Seine Äußerung mit Blick auf die vollbesetzten Tische ("Interessant, wie viele Leute Geld bezahlen, um Jörg Schmadtke zusehen") sorgten genauso für Heiterkeit wie sein "Verständnis" für die plötzliche Absage seines Managers: "Wenn er schon mal was zu tun hat, soll man ihn nicht davon abhalten." Der frühere österreichische Nationalspieler, der seine Karriere beim "Favoritener AC" begann und seine erfolgreichste Zeit bei Austria Wien hatte, begann seine Trainerkarriere 2005. Im Jahr 2013 verpflichte ihn der 1. FC Köln, Stöger schaffte mit den Domstädtern auf Anhieb den Sprung in die Bundesliga. Zusammen mit Manager Jörg Schmadtke arbeitet er seitdem wohltuend ruhig und gelassen beim Kölner Bundesligisten, wie Schalke-Fan Breuckmann ("Seit Peter Stöger an Bord ist, haben wir alle Spiele gegen den FC verloren") feststellte. Dem Wiener kommt das Kölner Lebensgefühl sehr entgegen, die Mentalität der Menschen liegt ihm. Absolut wohl fühlt sich Stöger auch in seinem "Heimat-Kiez", dem Wiener Stadtteil Favoriten.

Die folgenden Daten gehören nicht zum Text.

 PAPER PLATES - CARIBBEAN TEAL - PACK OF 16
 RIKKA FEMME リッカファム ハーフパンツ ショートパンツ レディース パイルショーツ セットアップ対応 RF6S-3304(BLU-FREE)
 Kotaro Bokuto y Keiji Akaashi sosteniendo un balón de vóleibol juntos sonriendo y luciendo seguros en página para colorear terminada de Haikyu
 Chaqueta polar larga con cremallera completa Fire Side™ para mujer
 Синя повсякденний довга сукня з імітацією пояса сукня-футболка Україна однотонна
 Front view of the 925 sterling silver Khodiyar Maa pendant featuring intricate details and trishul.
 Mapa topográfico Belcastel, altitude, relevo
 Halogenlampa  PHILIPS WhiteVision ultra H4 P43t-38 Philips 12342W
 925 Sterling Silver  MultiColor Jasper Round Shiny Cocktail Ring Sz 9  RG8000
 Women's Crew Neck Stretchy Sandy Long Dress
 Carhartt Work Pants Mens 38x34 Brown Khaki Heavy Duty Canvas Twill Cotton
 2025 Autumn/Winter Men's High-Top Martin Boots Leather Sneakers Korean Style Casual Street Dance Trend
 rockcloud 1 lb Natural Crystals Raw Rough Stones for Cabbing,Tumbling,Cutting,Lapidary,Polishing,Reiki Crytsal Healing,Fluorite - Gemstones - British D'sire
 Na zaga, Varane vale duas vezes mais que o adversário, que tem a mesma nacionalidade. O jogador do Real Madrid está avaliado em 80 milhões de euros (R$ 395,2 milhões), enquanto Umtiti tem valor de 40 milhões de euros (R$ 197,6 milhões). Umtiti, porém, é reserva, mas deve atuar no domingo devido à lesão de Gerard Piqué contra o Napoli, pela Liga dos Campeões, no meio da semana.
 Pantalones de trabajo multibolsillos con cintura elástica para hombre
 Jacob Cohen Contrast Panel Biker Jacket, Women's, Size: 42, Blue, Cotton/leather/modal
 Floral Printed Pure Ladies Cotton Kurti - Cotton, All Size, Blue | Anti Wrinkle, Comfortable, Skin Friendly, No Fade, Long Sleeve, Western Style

"Dort leben auch viele türkische Bürger und frühere Bürgerkriegsflüchtlinge aus Ex-Jugoslawien. Dass ist ein friedliches und buntes "Multikulti"-Völkchen, da bin ich gerne unterwegs", erwähnte der Kölner Trainer das besondere Flair des Wiener zehnten Bezirks. Klar, dass Manni Breuckmann das mit dem Arm erzielte Tor am Samstag, durch das der FC mit 0:1 gegen Hannover 96 verlor, nicht unerwähnt ließ. Stöger, der nach der Fehlentscheidung dem Schiedsrichterteam demonstrativ seine Brille anbot, nahm das Ganze gelassen: "Das passiert, der Schiedsrichter hat das nicht mit Absicht gemacht und es sollte jetzt auch gegen den Hannoveraner ,Torschützen' Leon Andreasen kein Spießrutenlaufen einsetzen, der Spieler ist in so einem Moment in einer schwierigen Lage." Peter Stöger kam mit seiner ruhigen und intelligenten Art beim Publikum spürbar gut an. So wurde aus dem "Ersatzmann" ein echter "Volltreffer".

Aldo Celentano brachte als "Celentano"-Double mit seinen Songs gegen Ende des Abends noch ein Stück "Bella Italia" in den trüben Duisburger Herbst. Die Ähnlichkeit seiner Stimme mit dem Original verblüffte. Ein gelungenes Finale eines kurzweiligen und wieder mal kulinarisch vortrefflichen Landhaus-Treffs.